MONTH(date expression)

Returns the month of the date.
Sample: MONTH([End Date])

QUARTER(date expression)

Returns the quarter of the date.
Sample: QUARTER([End Date])

YEAR(date expression)

Returns the year of the date.
Sample: QUARTER([End Date])

AUTO(date expression)

Returns date using the suitable dates aggregation (DAY, WEEK, MONTH and etc.) automatically based on differences between minimum and maximum of date expression in data set.
Sample: AUTO([End Date])

TIMELINE(start field, end field [, stop on current date, timeline start field, timeline end field])

Special aggregation function used for grouping data by date period defined by start and end. Optional stop on current date can be true or false to indicate if timeline should be stopped on current date. Optional timeline start and end fields are used to get min and max dates for date scale.
Sample: TIMELINE([Create Date], [End Date])

TODAY() or NOW()

Returns the current date as date value.
Sample: TODAY()

DATEDIFF(start, end, unit)

Calculates the number of days, months and etc. between two dates.
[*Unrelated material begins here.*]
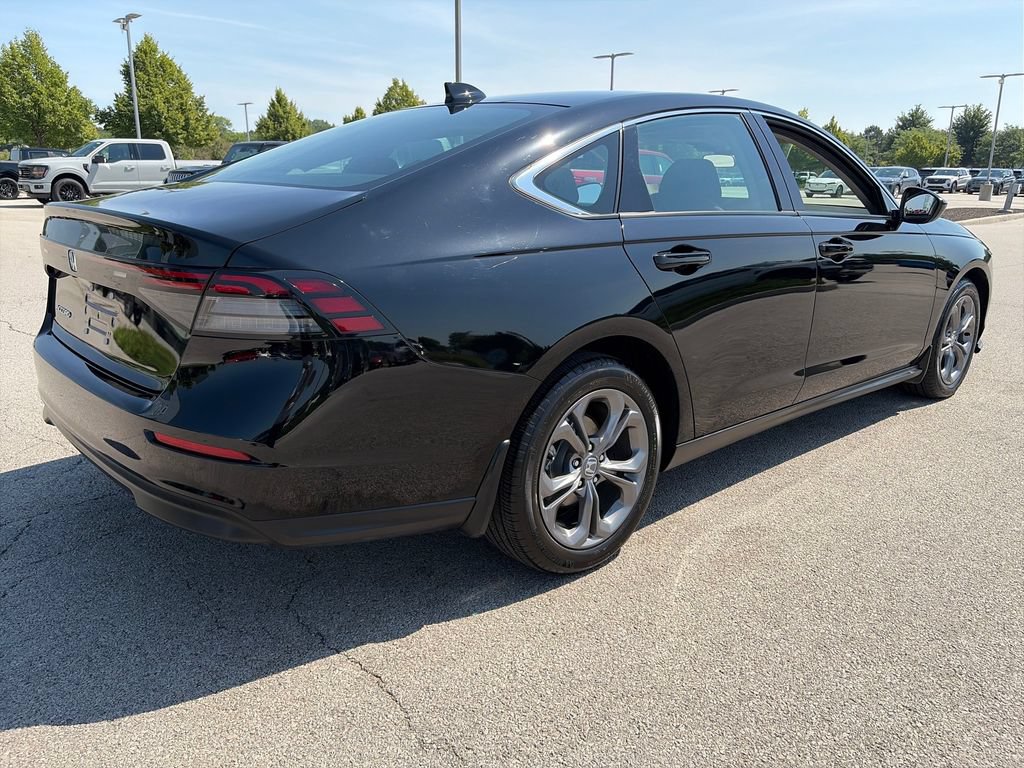 Used 2024 Honda Accord EX image 7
Available units are year, month, week, day, hour, minute
Sample: DATEDIFF([Create Date], [End Date], day)

DATE(string expression)

Converts a provided date string in a known format to a date value.
Sample: DATE('1 Jan 2018')

Text functions 

{text 1} + {text 2}

Concats two strings
Sample: [Assigned User] + ' is super hero'

UPPER(text expression)

Converts text to upper case.
Sample: UPPER([Project])

LOWER(text expression)

Converts text to lower case.
Sample: LOWER([Project])

LEFT(text expression, N)

Returns first N symbols of text.
Sample: LEFT([Project], 3)

RIGHT(text expression, N)

Returns last N symbols of text.
Sample: RIGHT([Project], 3)

REPLACE(text expression, text to be replaced, replacement)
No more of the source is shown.